Agriculture "Gag-Laws" Covering Up Factory Farm Horrors
By James Donahue
After getting caught with their pants down by investigative reporters posing as workers on corporate-owned
factory farms, big business interests are striking back. Legislators in at least six states have caved to corporate pressure
and passed laws making it illegal to take entry-level jobs to document the food safety and animal welfare abuses that are
Since the concept of "factory farms" has swept the nation, undercover investigations, mostly by food
safety and animal rights activists, have led to massive meat recalls, the shut-down of several slaughterhouses and disclosures
of cruel animal handling practices.
The source of this movement is reportedly the American Legislative Exchange Council (ALEC) which is
providing legal representation for the corporations that own and operate these massive farming operations.
To date, six states have adopted laws making it illegal to enter these farms under false pretenses,
to photograph, or report such abuses without permission from the owners of the farms. Those states are Iowa, Kansas, Missouri,
Montana, North Dakota and Utah.
According to a report by Truthout, three other states, New Hampshire, Wyoming and Nebraska are considering
similar gag-laws. Consumer and animal welfare activists successfully blocked such laws from passing in Florida, Illinois,
Indiana, Minnesota, Nebraska, New York and Tennessee.

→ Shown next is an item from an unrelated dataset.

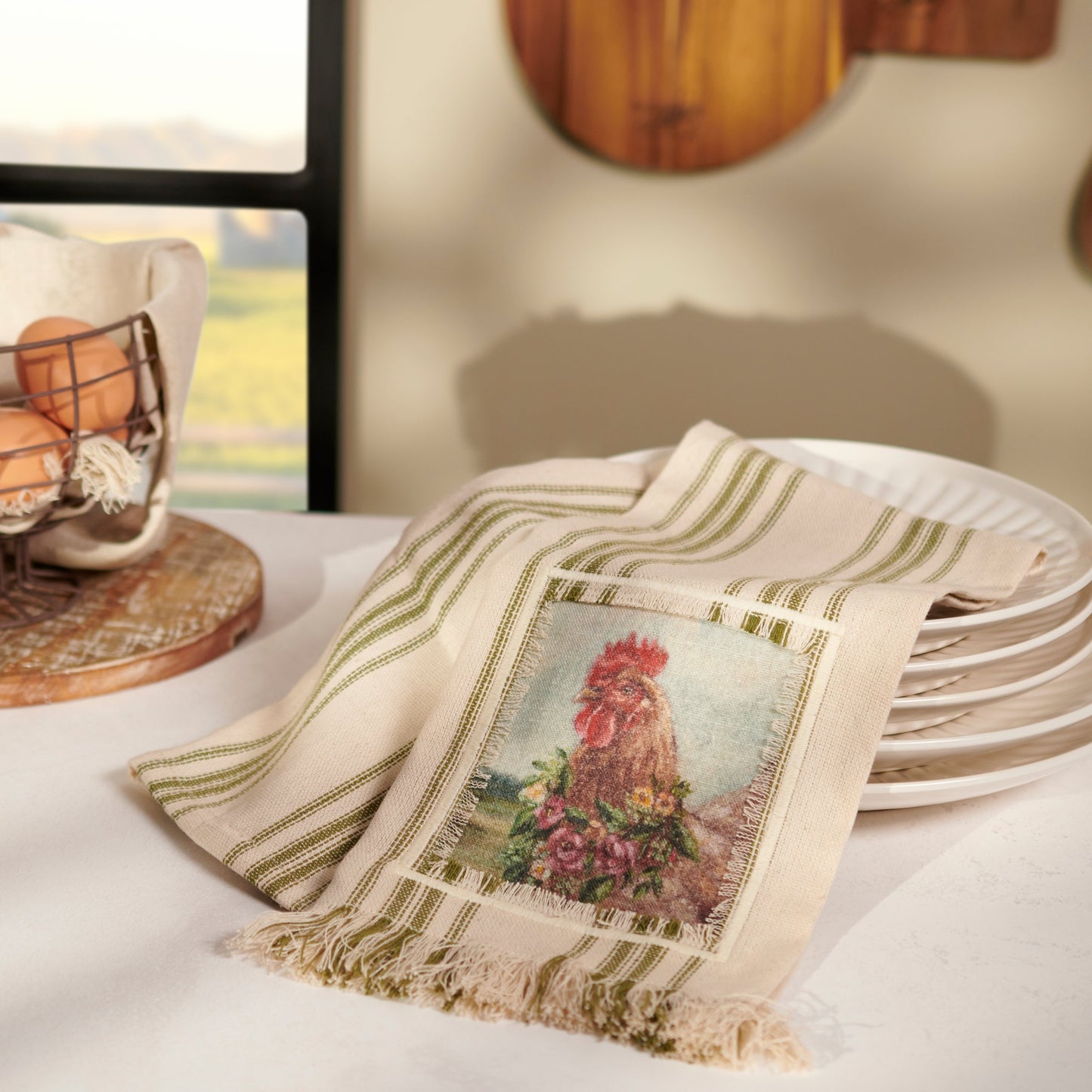 Floral Chicken Kitchen Towel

But the pressure is on. The idea is to hide from public view the way America’s food is being
mass produced. And it isn’t the way many of us that grew up on family-owned farms remember.
I grew up on such a farm. That was a time when families could make a good living on farms no larger
than 160-acres. Dairy farmers with herds of 10 to 20 cows milked the animals by hand. All of the animals were treated well
and on some farms, they were given names by the family members who fed and cared for them.
We worked our fields with tractors just large enough to pull a two-bottom plow. It took us a day or
two just to get a 40-acre field prepared for planting. A good yield of wheat was about 30 bushes of seed from an acre of land.
Things have changed in a big way since I left the farm. During my years on various Michigan newspapers,
I never forgot the farm life and watched with interest as the small family farms got bought up by the more prosperous area
farmers. Farms got larger and larger in size. And these new farm operators, forced by tighter pricing, reduced profits and
rising operating costs, eventually turned farming into a highly mechanized business. Only the best and most aggressive operators
They bought more and more land, expanded the farms into hundreds if not thousands of acres, tore down
fences, cut down trees, bulldozed over the little ponds, and farmed with massive machines capable of plowing, conditioning
and planting hundreds of acres in a single afternoon. Instead of knowing the joy of working with the land, these "modern farmers"
turned to giant tractors with air-conditioned cabs, built-in radio systems, and they used chemicals that killed bugs and weeds.
The chemicals were often applied by crop dusters flying over the fields, getting the job done in a few swipes.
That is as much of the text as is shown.